Is this the best the Labour Party can do, especially when they have a Minister of State at the responsible Department who would claim to be particularly committed to the rights of women? I am reluctant to comment further on the political performance of the Minister of State, Deputy Joan Burton, in this area because, almost alone of the 30 Ministers in the House, she seems to take any criticism of her lamentable political performance as some kind of personal comment, gives interviews and writes letters to the papers complaining about members of the Opposition doing their job in exposing this kind of injustice. She takes it as an attack on women, an attack on her; she has not yet learned the adversarial system that obtains in this House. Since I am a considerable admirer of the woman as a woman, I regret that I cannot deal with her as firmly as I would like. It is a lamentable record that, as a Labour Minister in Government, with this particular brief, and professing a commitment to equality for women, she has sat beside the Minister for Social Welfare, Dr. Woods, since she came into office, yet nothing, but nothing has happened on this issue. We still encounter the same obstacles to basic information to which we are entitled and the women affected are still being obliged to resort to legal action to prosecute their case.
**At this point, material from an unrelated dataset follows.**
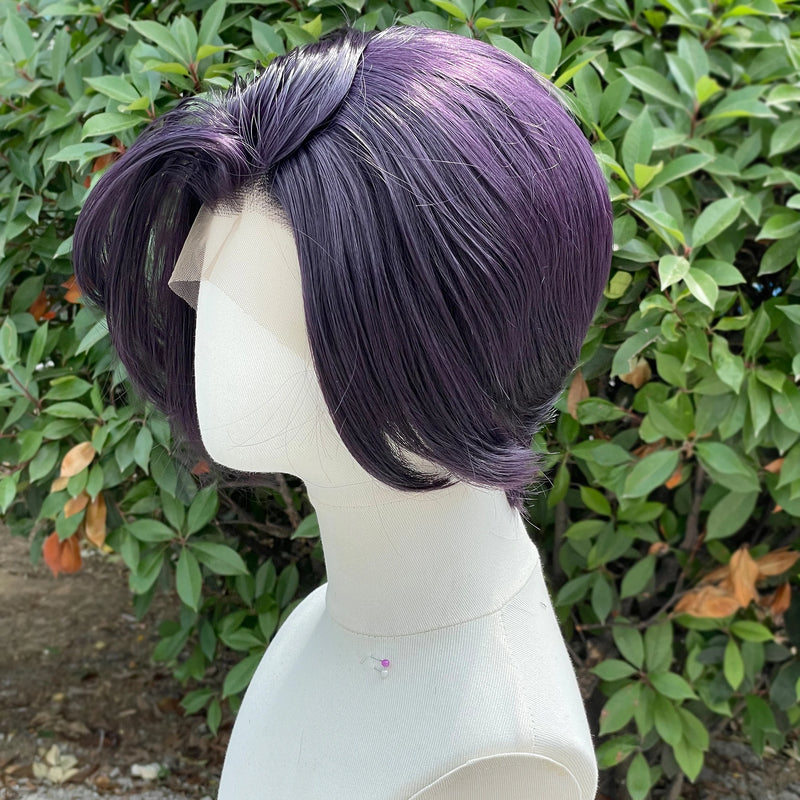 Dark Purple Cosplay Wigs Lace Front 8 Inch Short Bob Cut 13x4 Synthetic Lace Front Wigs for Men Women Heat Resistant Half Hand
It is necessary to inquire why there is such a deafening silence from the Labour backbenches on this issue. Various Labour backbenchers with whom I have had the privilege of appearing in radio broadcasts or whatever tell their constituents and the country at large about the new committee system we have in the Dáil, about how hard they work at it, but always they have been in scant evidence at any of the committees on which I have served. On an issue like this that affects women in their constituencies one would expect them to be in the House, to offer tacit support if they feel they cannot stand up and say that they are defending these women. Yet what we get is deafening silence, no sign of the Labour Party at all in the House this evening on an issue that affects tens of thousands of women. Is it just that they do not care, or are they embarrassed by the role of their colleague, the Minister of State, Deputy Joan Burton, in failing to make any attempt to resolve this saga which continues for perhaps up to 75,000 women?
Even at this late stage the Government should do the decent thing. No more women should be forced to resort to the courts to secure justice. The Government should do what it should have done after the judgment of the European Court in March 1991. It should take steps to notify all those married women — I presume that the Department has already identified those eligible — and inform them of their entitlements and set about the phased payment of the moneys due to them.
If it is acceptable to the House, I should like to share my time with Deputy De Rossa.